2. The method of claim 1, further comprising:
receiving, from a second UE-A, second resource set information including a result of a second resource sensing operation performed by the second UE-A, wherein the second resource sensing operation is triggered by a base station that has received the message from the first UE-A, and the transmission resource is selected in consideration of at least one of the first resource set, a second resource set indicated by the second resource set information, or the third resource set.
3. The method of claim 1, wherein the message includes at least one of an indicator requesting the resource allocation, an identifier of the UE-B, information on resources allocated to the UE-B, a threshold used for the first resource sensing operation, information requesting reporting of preferred resource(s), or information requesting reporting of non-preferred resource(s).
4. The method of claim 1, wherein the message is transmitted to a base station through the first UE-A, and the first resource sensing operation is triggered by first resource sensing information generated by the base station based on the message.
5. The method of claim 4, wherein the first resource sensing information is transmitted from the base station to the first UE-A, and the first resource sensing information includes at least one of an indicator indicating whether to perform the first resource sensing operation, information on resources on which the first resource sensing operation is performed, a first threshold used to determine preferred resource(s), or a second threshold used to determine non-preferred resource(s).
6. The method of claim 1, wherein the first resource set information includes at least one of resource pool (RP) resource information indicating a resource pool in which the first resource sensing operation has been performed, time-frequency resource information indicating time-frequency resources on which the first resource sensing operation has been performed within the resource pool indicated by the RP resource information, a preference indicator indicating that the time-frequency resources indicated by the time-frequency resource information are preferred resource(s), a non-preference indicator indicating that the time-frequency resources indicated by the time-frequency resource information are non-preferred resource(s), a first threshold used to determine the preferred resource(s), or a second threshold used to determine the non-preferred resource(s).
7. The method of claim 6, wherein a first mapping relationship between the preference indicator and the first threshold and a second mapping relationship between the non-preference indicator and the second threshold are configured, and the first threshold is set to be distinguished from the second threshold.
8. The method of claim 6, wherein when the first resource set information not including the preference indicator and the non-preference indicator includes the first threshold, the time-frequency resources indicated by the first resource set information are determined as the preferred resource(s), and when the first resource set information not including the preference indicator and the non-preference indicator includes the second threshold, the time-frequency resources indicated by the first resource set information are determined as the non-preferred resource(s).

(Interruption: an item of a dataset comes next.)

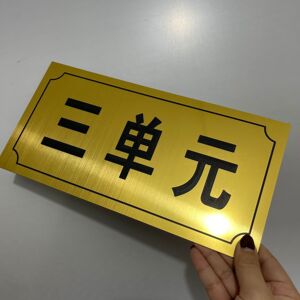 【单元门牌双色板】单元门牌双色板品牌,价格 - 阿里巴巴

9. A method of a user equipment (UE)-B, the method comprising:
transmitting, to a base station, a message requesting resource allocation for sidelink communication;
receiving, from a first UE-A, first resource set information including a result of performing a first resource sensing operation of the first UE-A, the first resource sensing operation being triggered by the base station;
selecting a transmission resource in consideration of at least one of a first resource set indicated by the first resource set information or a third resource set determined by a third resource sensing operation performed by the UE-B; and
performing the sidelink communication using the transmission resource.

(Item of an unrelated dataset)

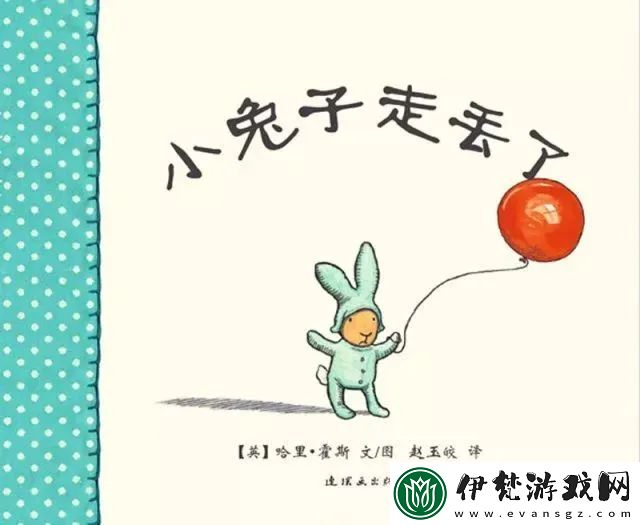 兔子先生傳媒文化作品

10. The method of claim 9, further comprising:
receiving, from a second UE-A, second resource set information including a result of a second resource sensing operation performed by the second UE-A, the second resource sensing operation being triggered by the base station, wherein the transmission resource is selected in consideration of at least one of the first resource set, a second resource set indicated by the second resource set information, or the third resource set.
11. The method of claim 9, wherein the message includes at least one of an indicator requesting the resource allocation, an identifier of the UE-B, information on resources allocated to the UE-B, a threshold used for the first resource sensing operation, information requesting reporting of preferred resource(s), or information requesting reporting of non-preferred resource(s).

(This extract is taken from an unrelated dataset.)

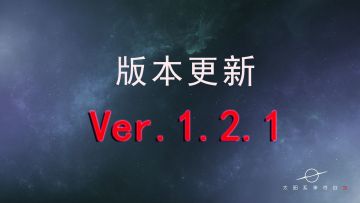 【公告】1122下午停服维护公告 天梯奖励和限时折扣来喽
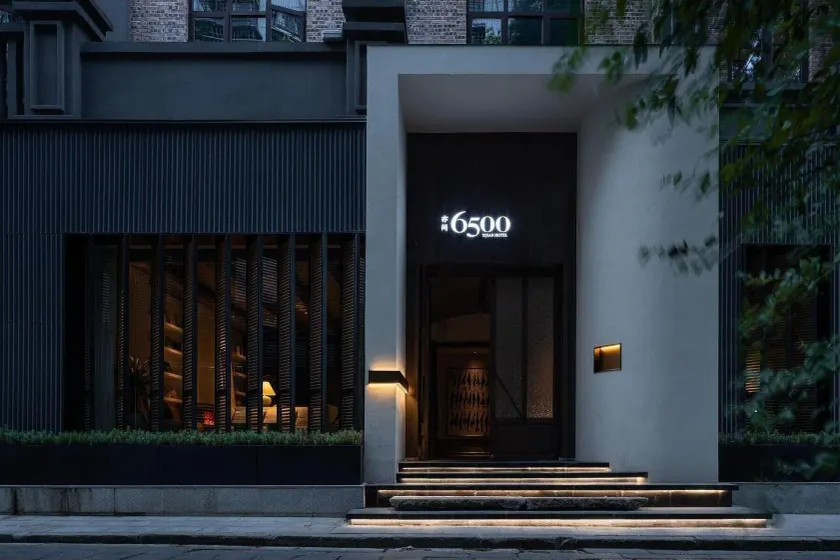 6500 Hotel Chaozong Street Wuyi Plaza - Image 1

12. The method of claim 9, wherein the first resource sensing operation is triggered by first resource sensing information generated by the base station based on the message, the first resource sensing information is transmitted from the base station to the first UE-A, and the first resource sensing information includes at least one of an indicator indicating whether to perform the first resource sensing operation, information on resources on which the first resource sensing operation is performed, a first threshold used to determine preferred resource(s), or a second threshold used to determine non-preferred resource(s).
13. The method of claim 9, wherein the first resource set information includes at least one of resource pool (RP) resource information indicating a resource pool on which the first resource sensing operation has been performed, time-frequency resource information indicating time-frequency resources on which the first resource sensing operation has been performed within the resource pool indicated by the RP resource information, a preference indicator indicating that the time-frequency resources indicated by the time-frequency resource information are preferred resource(s), a non-preference indicator indicating that the time-frequency resources indicated by the time-frequency resource information are non-preferred resource(s), a first threshold used to determine the preferred resource(s), or a second threshold used to determine the non-preferred resource(s).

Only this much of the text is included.